Starting with the line that has "Linen Shorts - Navy" in the records below and stopping after the line that has "emily_tolson online show", output every line exactly and nothing else; skip pictures.
BEGIN Given data
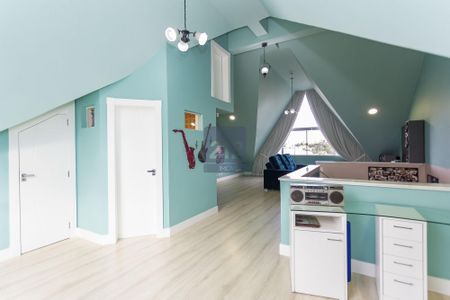 30_photo/94dce3e20f.9d7ddff641ec2d4a-ATLAS-ab21a2d4-e9a9-45f2-8fd5-bee0e8e1aa0c.jpg de casa à venda com 3 quartos, 306m² em Mercês, Curitiba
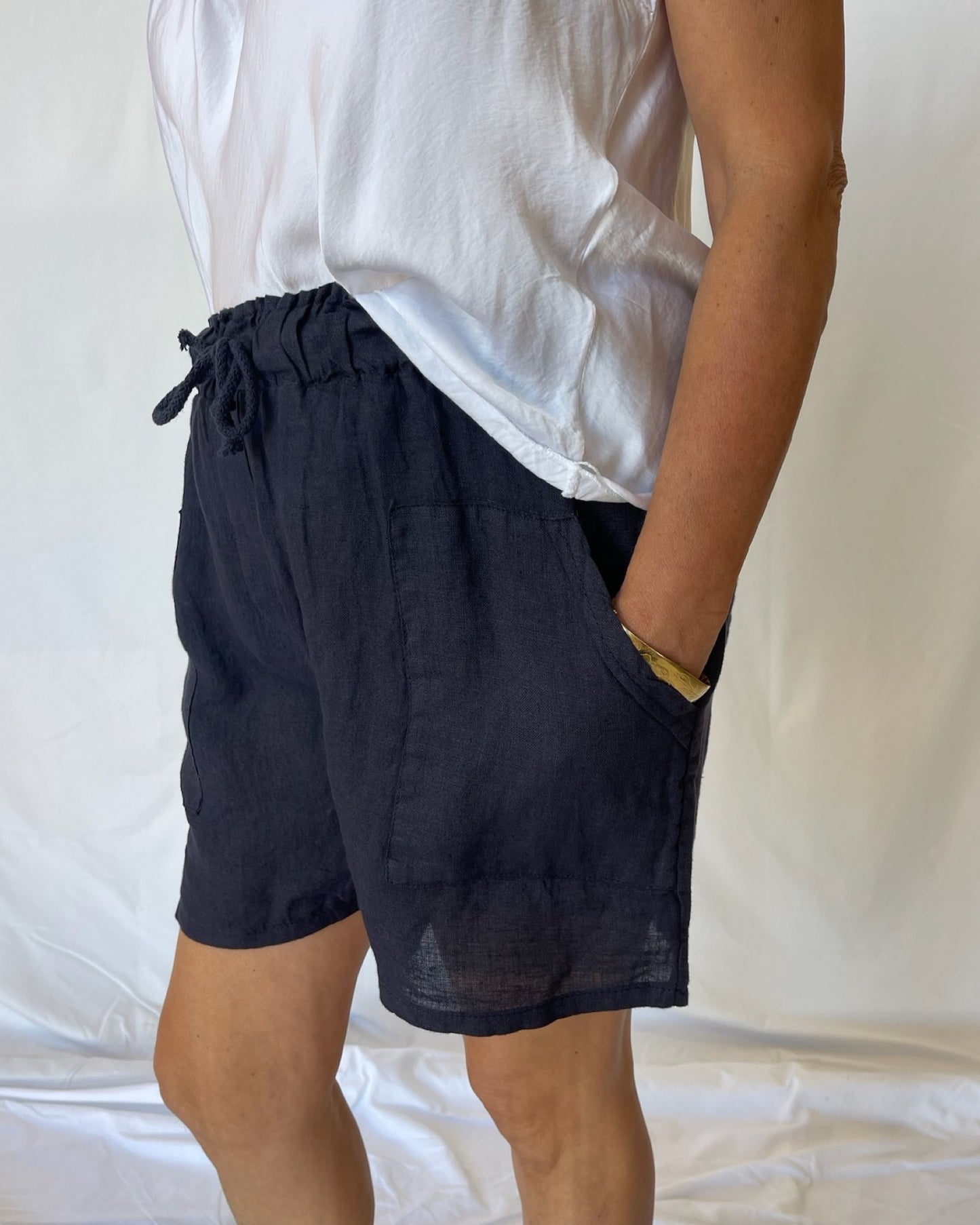 Linen Shorts - Navy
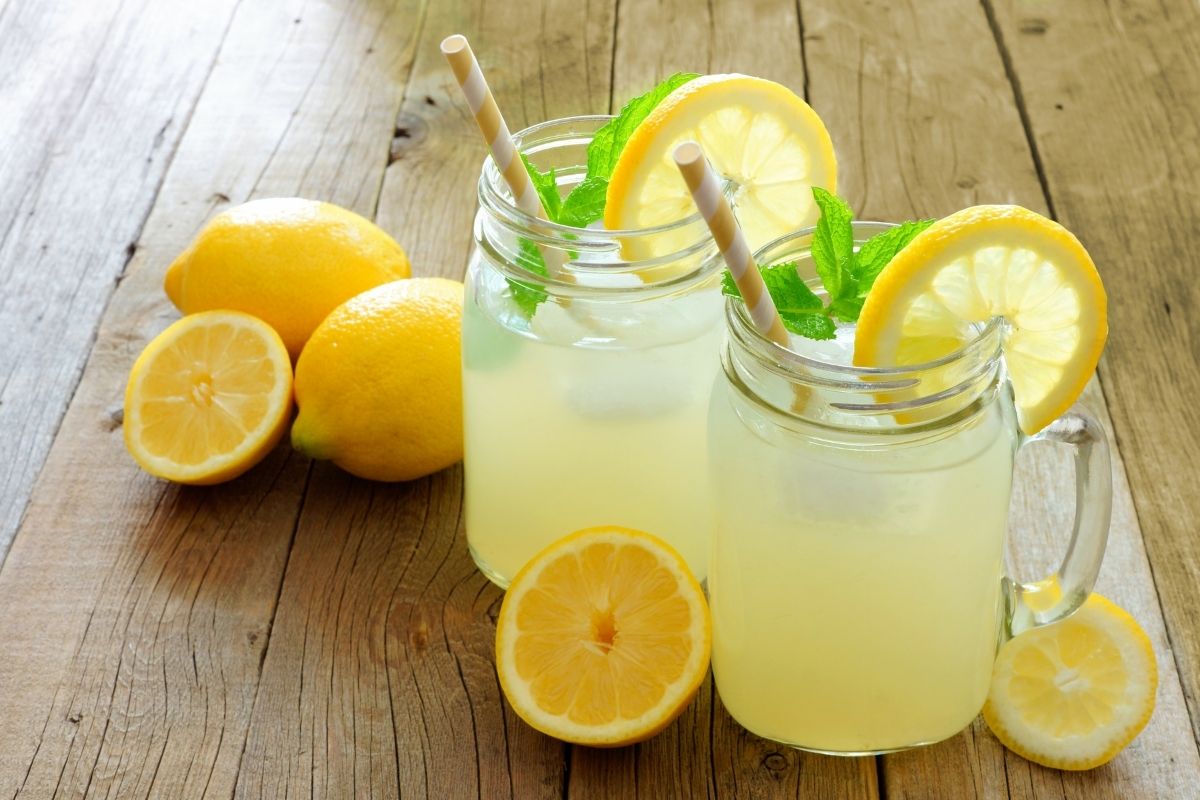 Suco de limão com casca (Reprodução Canva Pro)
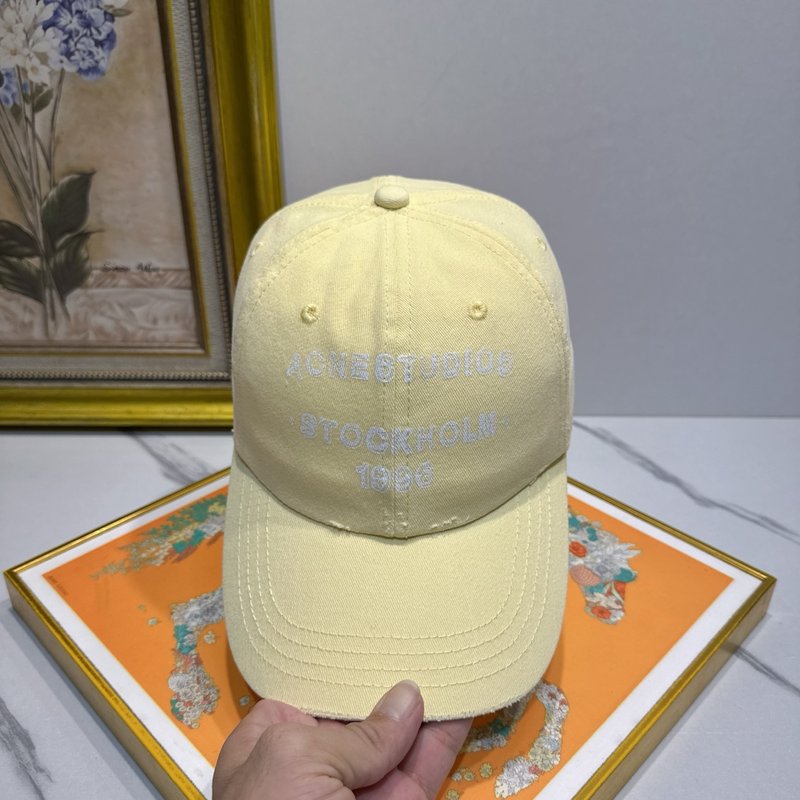 Acne 스마일 볼캡 001-270845
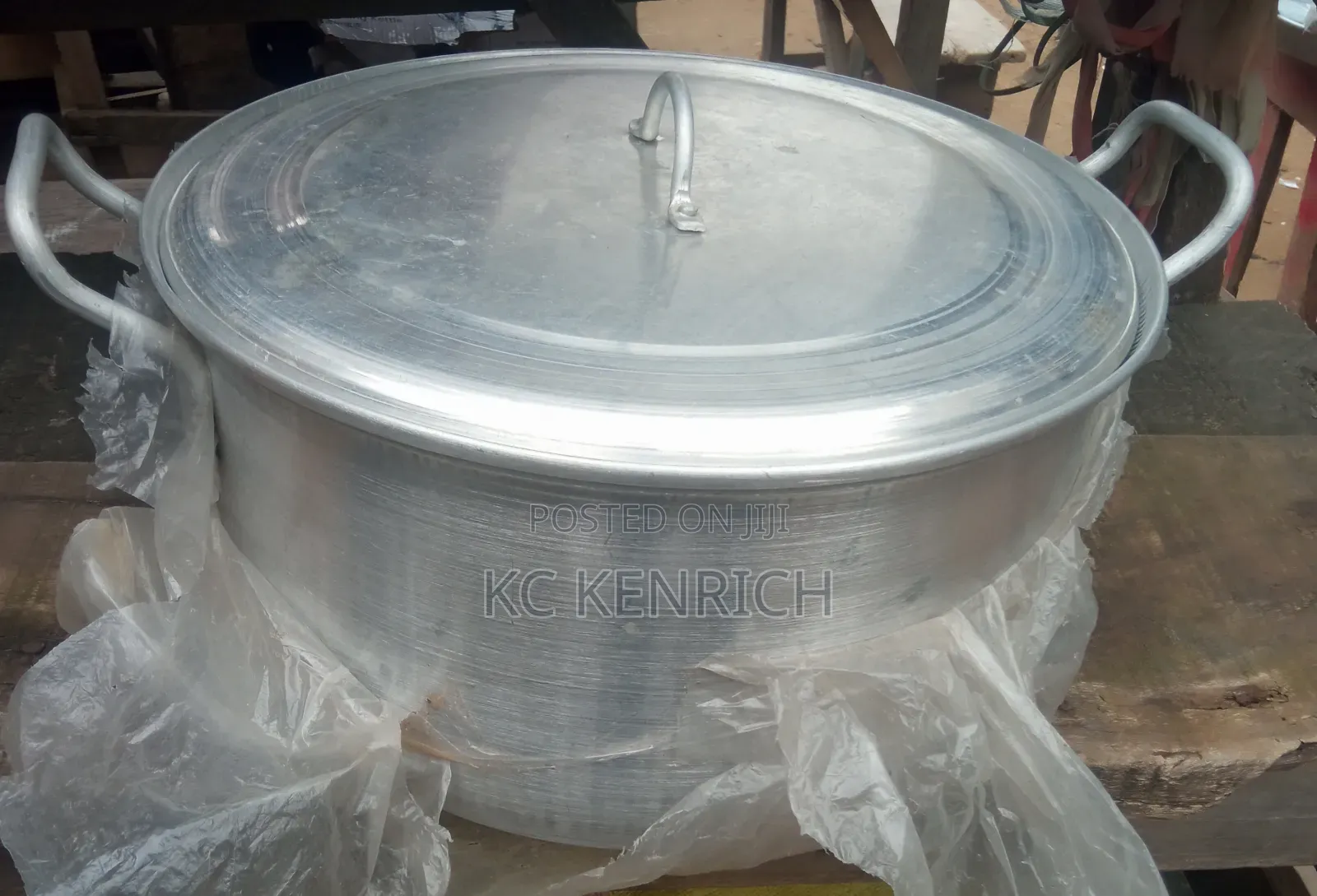 Aluminium Cooking Pot, Can Cook 1 Paint of Rice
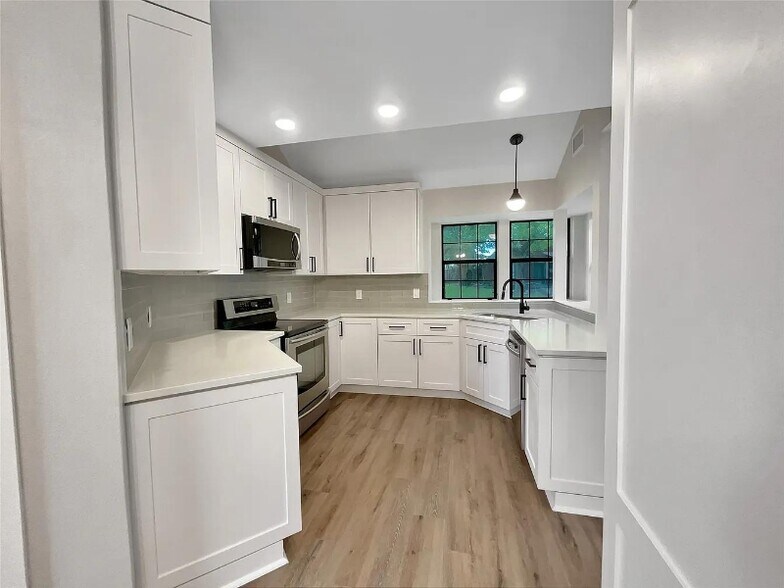 Building Photo - 811 Fawn Valley Dr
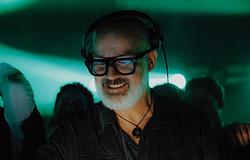 Simon Field a house szabályait borogatja a Dangerrel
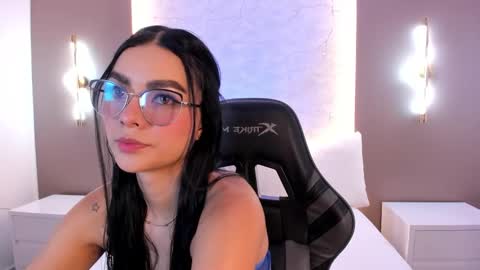 emily_tolson online show from December 22, 7:20 pm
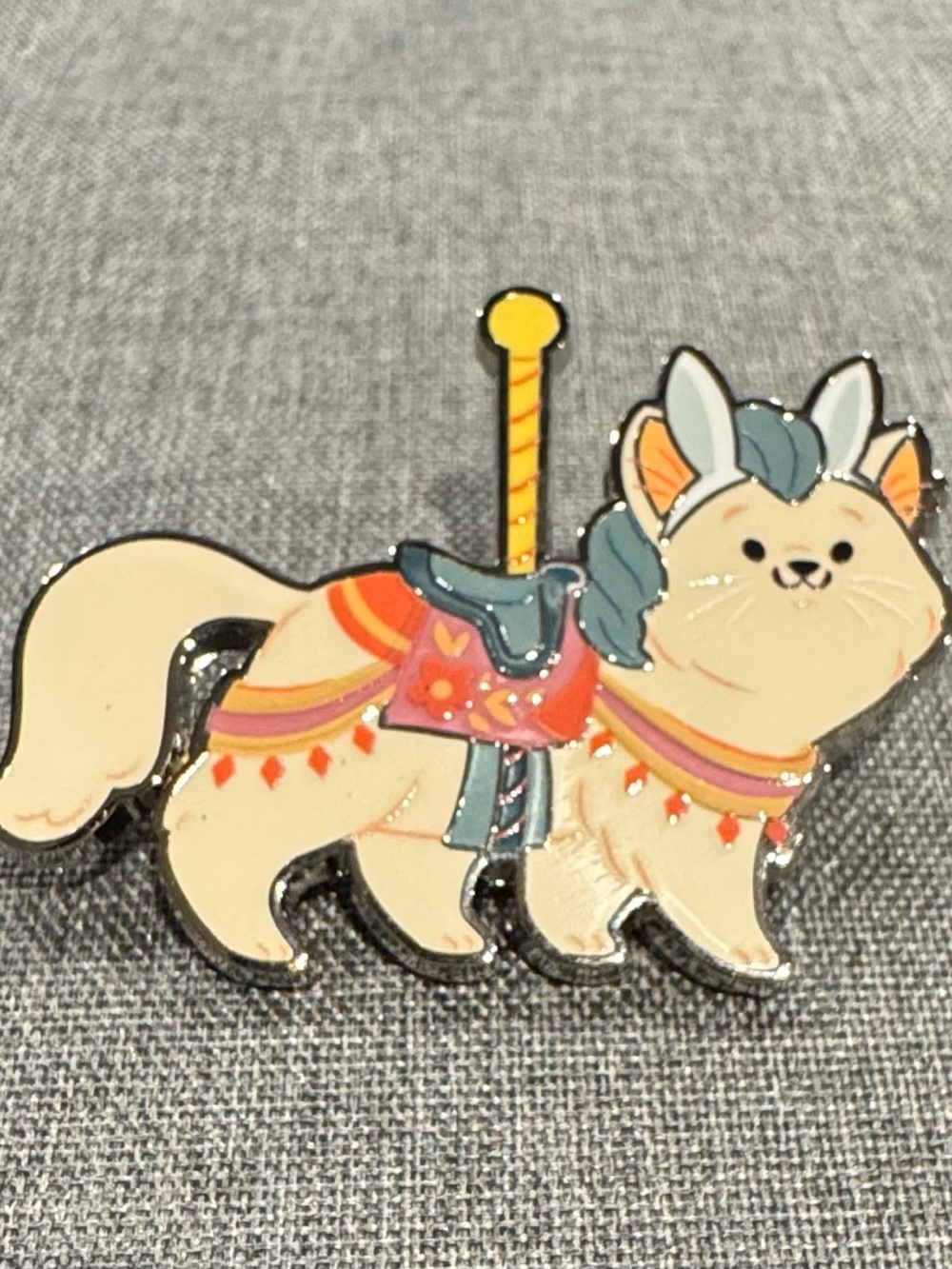 Disney Parks 2026 Halloween Cat Enamel Pin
END Given data
Answer box
 Linen Shorts - Navy
 Suco de limão com casca (Reprodução Canva Pro)
 Acne 스마일 볼캡 001-270845
 Aluminium Cooking Pot, Can Cook 1 Paint of Rice
 Building Photo - 811 Fawn Valley Dr
 Simon Field a house szabályait borogatja a Dangerrel
 emily_tolson online show from December 22, 7:20 pm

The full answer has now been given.